=== Begin Enclosure ===

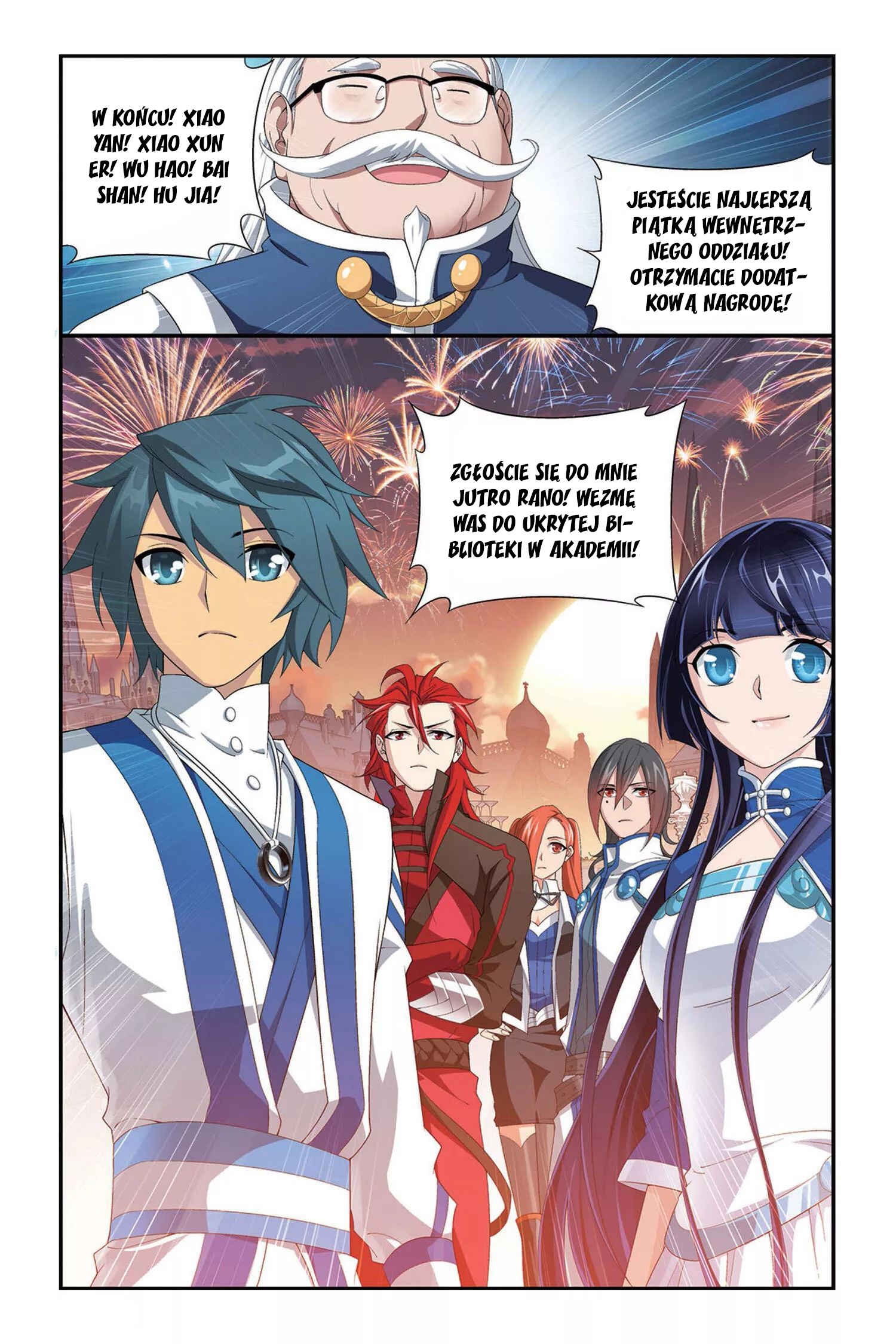 Dòupò Cāngqióng Chapter 111 - Page 23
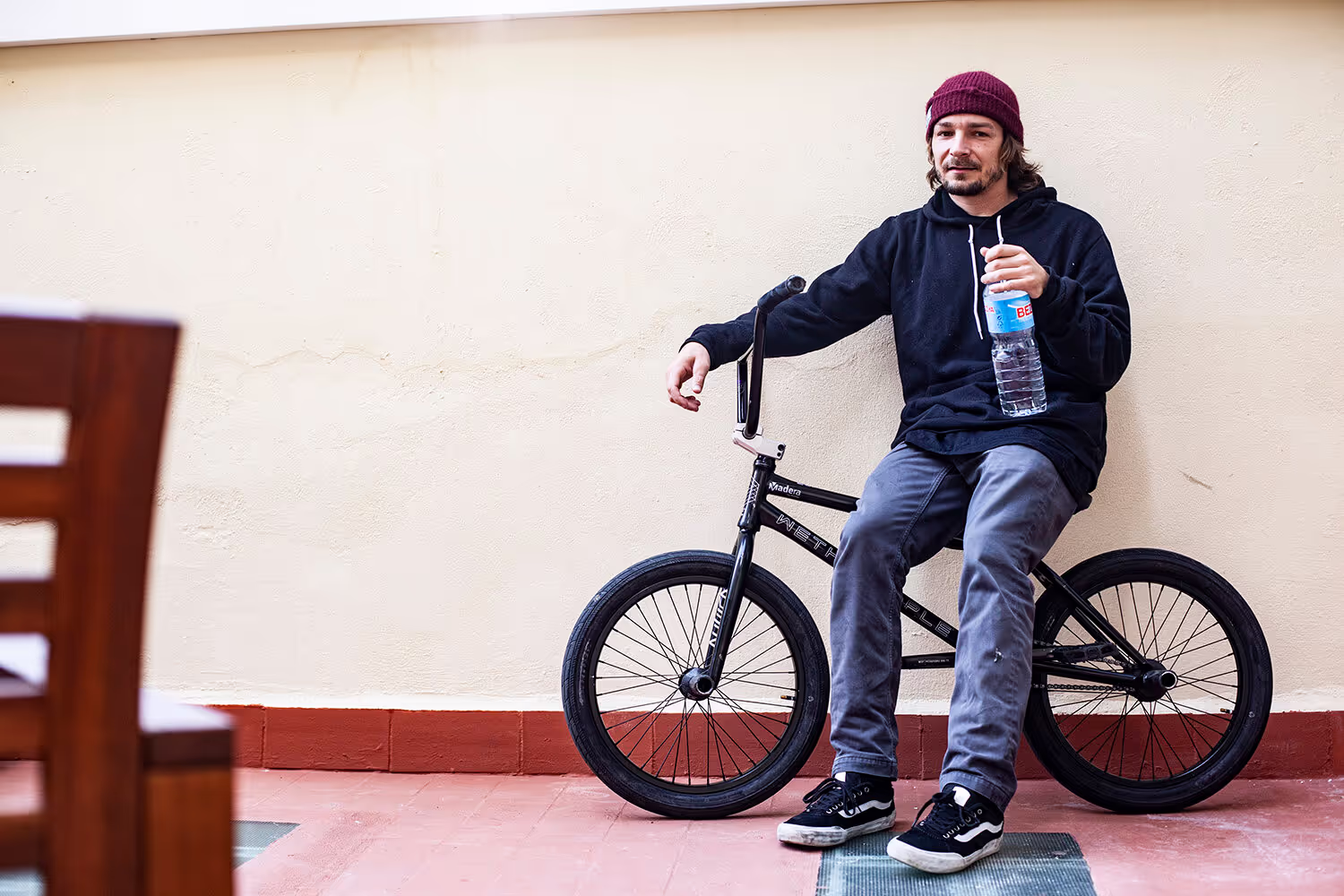 Dan Kruk NETWORK Bike Check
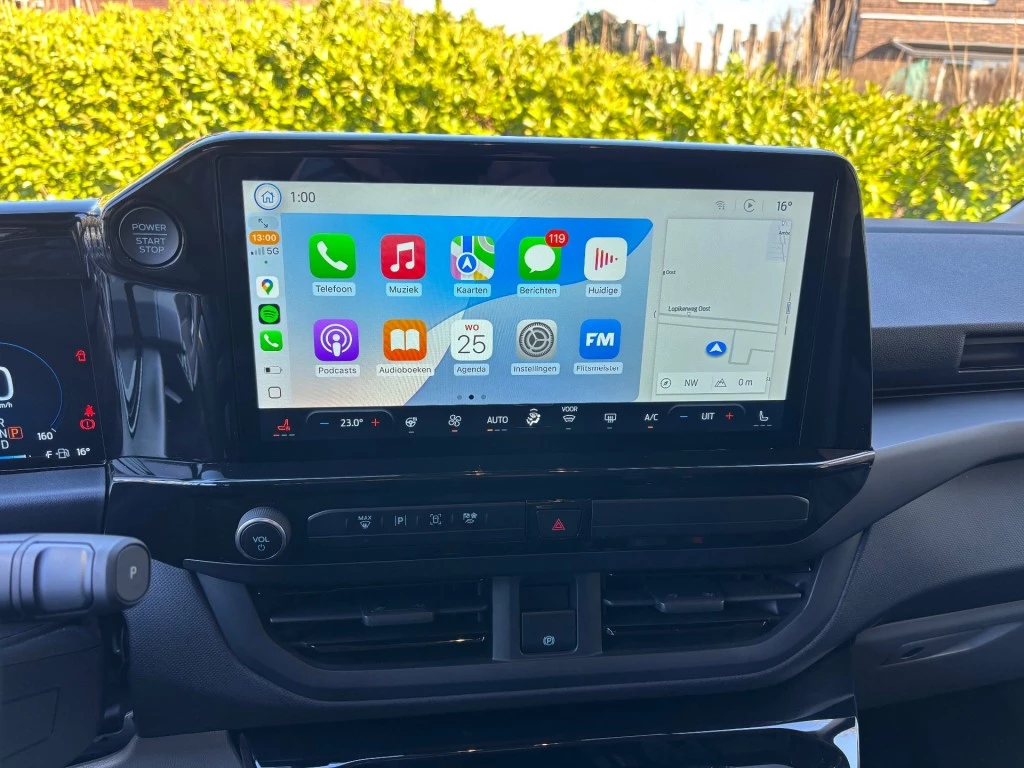 Hoofdafbeelding Ford Tourneo Custom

=== End Enclosure ===

WHAT IS NEEDED
Print the material in full and exactly, minus the pictures.

WRITTEN SOLUTION
 Dòupò Cāngqióng Chapter 111 - Page 23
 Dan Kruk NETWORK Bike Check
 Hoofdafbeelding Ford Tourneo Custom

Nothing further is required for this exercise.